About this exercise
With the pictures left out, print exactly the lines below that run from the one containing "Ligaments Of The" through the one containing "Almanya 'nın Palatinate".

Given information
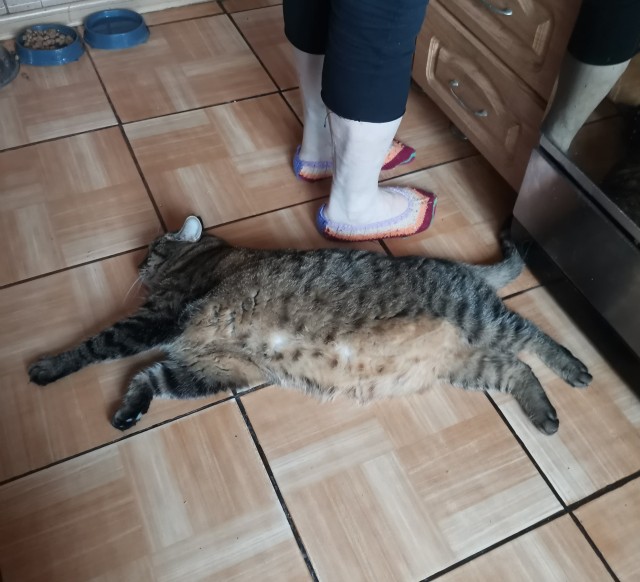 Котовторник. Дуська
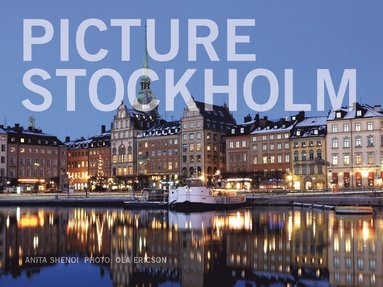 Picture Stockholm (inbunden)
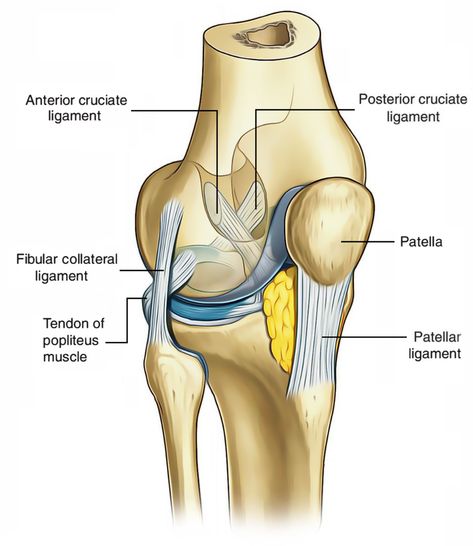 Ligaments Of The Knee, Anatomy Of The Knee, Human Knee, Knee Bones, Core Exercises For Women, Knee Ligaments, Anterior Cruciate Ligament, Cruciate Ligament, Lower Limb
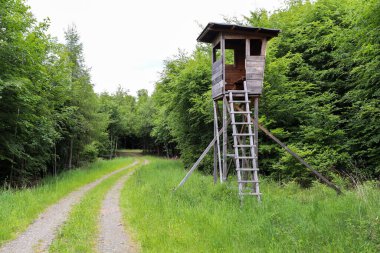 Almanya 'nın Palatinate Ormanı' ndaki yürüyüş yolunun yanında av duruşu..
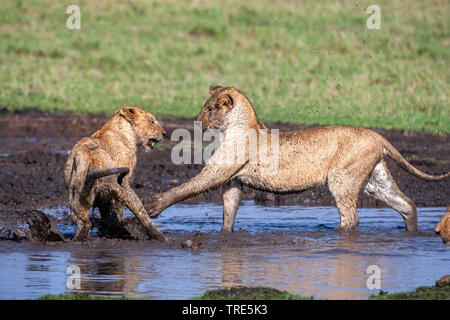 Lion (Panthera leo), deux lionceaux bagarre dans un bourbier, Kenya, Masai Mara National Park Banque D'Images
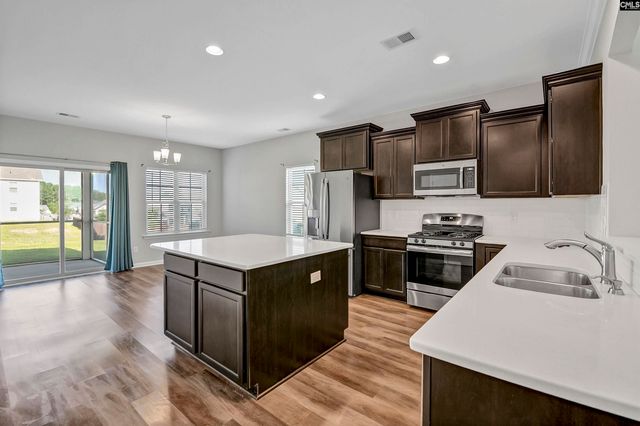 217 Wading Bird Loop, Blythewood, SC 29016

Result of the task
 Ligaments Of The Knee, Anatomy Of The Knee, Human Knee, Knee Bones, Core Exercises For Women, Knee Ligaments, Anterior Cruciate Ligament, Cruciate Ligament, Lower Limb
 Almanya 'nın Palatinate Ormanı' ndaki yürüyüş yolunun yanında av duruşu..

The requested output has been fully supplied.